Same An-2s were flying supplies to the besieged city of Vukovar in 1991.
One of the 'bombers' was shot down by a SA-6 missile unit, with crew of 4 killed.

Picture of a 'boiler bomb', from Wiki:

Reactions: Informative Informative:
1 | Like List reactions


----------



## tomo pauk (Feb 16, 2011)

Galeb G-2, one of couple captured in Udbina air base in 1995, none is operative for years:


----------



## tomo pauk (Feb 17, 2011)

Croatian MiG-21 combat trainer in unmistakable 'camo' pattern, pic from Wiki:


----------



## imalko (Feb 17, 2011)

Thanks for your contribution Tomo. Nice pictures there. Looking forward to more.
In the meantime here are few of Croatian MiG-21s... Croatians obtained their first examples of MiG-21 by defecting Yugoslav pilots of Croatian nationality at the beginning of the war 1991-1995. Not sure if few of them were also captured on the ground. (Tomo, maybe you know more about that possibility.) Further examples were later purchased abroad.
Anyway, markings and camouflage of Croatian Mig-21s was changing over the time. First examples retained standard Yugoslav color scheme with only Croatian insignia painted over Yugoslav markings (picture 1). Later new camo scheme and new national insignia were devised (picture 2). Last three picture show current appearance of Croatian MiG-21s.

Source: Airliners.net

Reactions: Like Like:
1 | Like List reactions


----------



## tomo pauk (Feb 17, 2011)

Only one MiG-21 (two-seater) was captured at the Zemunik air base near Zadar.


----------



## tomo pauk (Feb 20, 2011)

Jastreb of Croatian AF (captured at Udbina AB?), from mycity-military.com. Note the US Mk-82 bomb:


----------



## Lucky13 (Feb 21, 2011)

Great thread mate!


----------



## Gnomey (Feb 21, 2011)

Nice stuff!


----------



## imalko (Mar 20, 2011)

This post could be titled "All markings of our MiG-21s"...

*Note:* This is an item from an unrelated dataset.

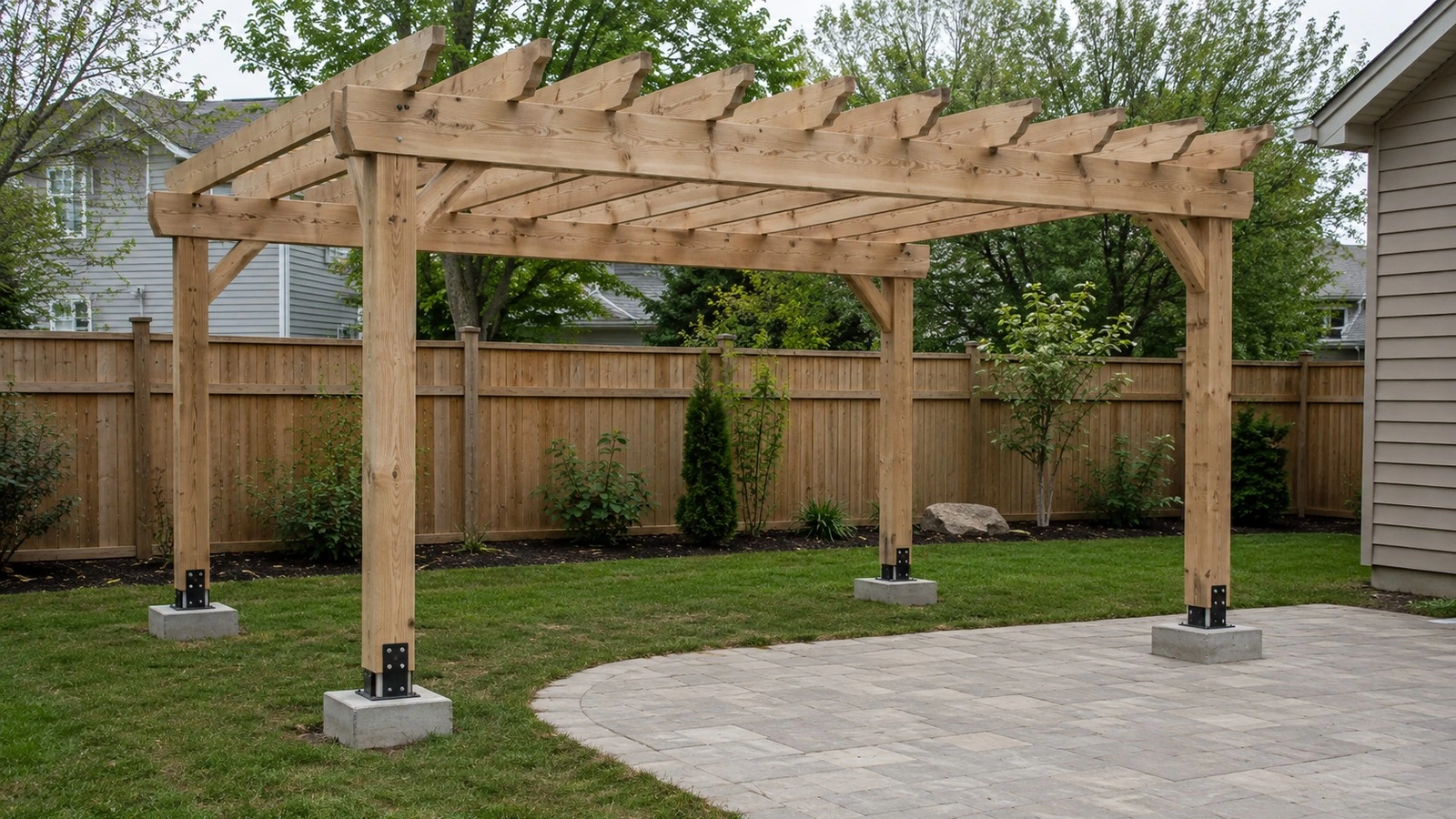 Construction-stage open pergola with posts on elevated metal bases at concrete pier locations in a North American backyard.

If there's an aircraft that marked the last four (soon to be five) decades of aviation on these here parts it has to be MiG-21. Since 1962 up to this day and in almost all versions from MiG-21f-13 through MiG-21bis, this aircraft had flown our skies. They say there's a too much history for such a small region here in the Balkans and MiG-21 was in the middle of it. While basic paint scheme remained fairly consistent, here's how national and tactical markings of our Migs were changing over the years... 

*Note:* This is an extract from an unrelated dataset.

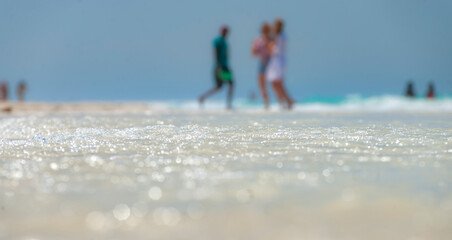 Blured image of unrecognizable people having fun on beach with shimmering water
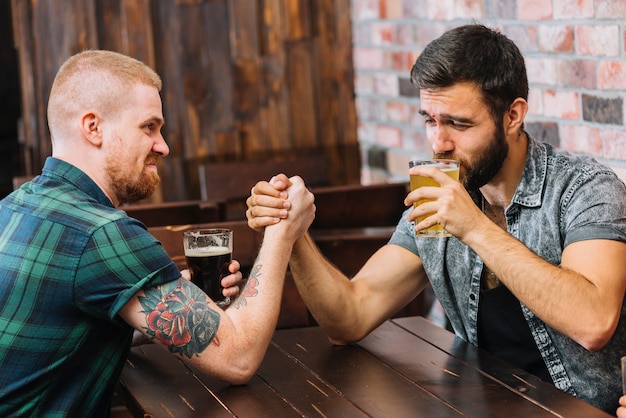 Man drinking beer while arm wrestling with his friend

First there was a time of "golden age" of Yugoslav aviation during the existence of Tito's Socialist Yugoslavia. This was the time when MiG-21 became backbone of our Air Force. At this time national markings consisted of national flag over the fin and rudder and roundels with red stars on the fuselage and wings. Each aircraft had small serial number painted in black on the fin and last three digits of this number painted in large black numbers beneath the cockpit. Paint scheme was bare metal/silver overall on early versions soon to be replaced by light gray overall. (Pictures 1-2.) One example was experimentally painted in gray/green/blue camouflage scheme with white tactical numbers but this was not adopted. When Yugoslav wars started large black numbers beneath the cockpit were over painted to conceal the identity of the aircraft from the secessionists.

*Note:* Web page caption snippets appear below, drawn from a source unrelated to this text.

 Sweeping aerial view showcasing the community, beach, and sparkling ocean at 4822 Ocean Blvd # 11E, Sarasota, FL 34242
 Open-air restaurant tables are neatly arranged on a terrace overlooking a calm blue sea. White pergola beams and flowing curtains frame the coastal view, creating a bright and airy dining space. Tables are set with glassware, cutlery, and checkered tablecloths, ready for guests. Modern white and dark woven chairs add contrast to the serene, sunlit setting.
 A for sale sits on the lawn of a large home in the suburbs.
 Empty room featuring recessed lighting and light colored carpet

Then there was a time of Federal Republic of Yugoslavia and State Union of Serbia and Montenegro (1992-2006). During this time new national insignia was adopted and national flag on the tail reduced in size (pictures 3-4). This insignia is popularly called "Pepsi insignia" by the aviation enthusiasts and modelers over here. It was at this time that unit emblems were adopted (something which was not that common in communist times.) Aircraft in picture 3 displaying the emblem of 126th Fighter Squadron "Deltas".

Finally after Serbia regained it's independence in 2006 new national insignia was adopted. Though this is similar to the roundel of Royal Yugoslav AF in WW2, it consists of the blue/red roundel of Serbian Aviatics from WW1 on which white "Kosovo" cross is superimposed. National flag is retained on the tail as well as unit emblems on some aircraft. Picture 5 show MiG-21bis "17163", which was the first aircraft painted in new Serbian national insignia. This aircraft also displays proposed new two tone gray paint scheme for our MiG-21s. This scheme was not adopted however and Serbian MiG-21s continue to fly with new insignia but in old standard light gray scheme which is well weathered on most aircraft after years of service as can be seen on picture 6.

Finally here's a picture 7 showing one veteran MiG-21 which saw extensive insignia changes over the years...


----------



## imalko (Apr 22, 2011)

To update this thread after a while with few fresh photos of our MiG-29s...
Photo © 2011. Dušan Atlagić, "ODBRANA"


----------



## Gnomey (Apr 22, 2011)

Good shots Igor!


----------



## imalko (Nov 11, 2011)

Time to update this thread with some new pictures me thinks. It's been a while...


----------



## vikingBerserker (Nov 12, 2011)

I think the Mig 29 has got to be the most elagant fighter today.


----------



## tomo pauk (Nov 18, 2011)

Are those the decoy launchers under Orao's hull?


----------



## imalko (Nov 20, 2011)

I believe they are Tomo.


----------



## imalko (Sep 14, 2014)

This is so cute I had to share the moment I saw it, as published on the blog of our renowned military photographer Dimitrije Ostojić:

_"I have seen a lot of different animals inside the area of military air bases, but this one is the strangest so far. This young roe deer came from nowhere straight to the apron where MiG-29 fighters are located. The Bamby, as they call her, is a very curious youngster, which usually seems to be the case with all youngsters, except this one apparently loves airplanes. Even the sound of noisy RD-33 engines does not scare her. When the engine starts she just moves behind the safe line on the apron with the rest of the crew…Curious, but still very caution, she will come few feet from you but she will not let you touch her. The pilots and the ground crew from 101st Fighter Squadron “Vitezovi” (The Knights) take care of her every time she comes to visit them, which is on daily bases…" _

More pictures here: Bamby on apron | Dimitrije Ostojic photo blog


----------



## imalko (Oct 13, 2014)

I came to realize that, not counting the previous post about Bamby among MiG's, I actually haven't been updating this thread for almost three years now. So, I've decided to "catch up" by posting a retrospective of some events concerning the aviation on these here parts since 2011 until now. 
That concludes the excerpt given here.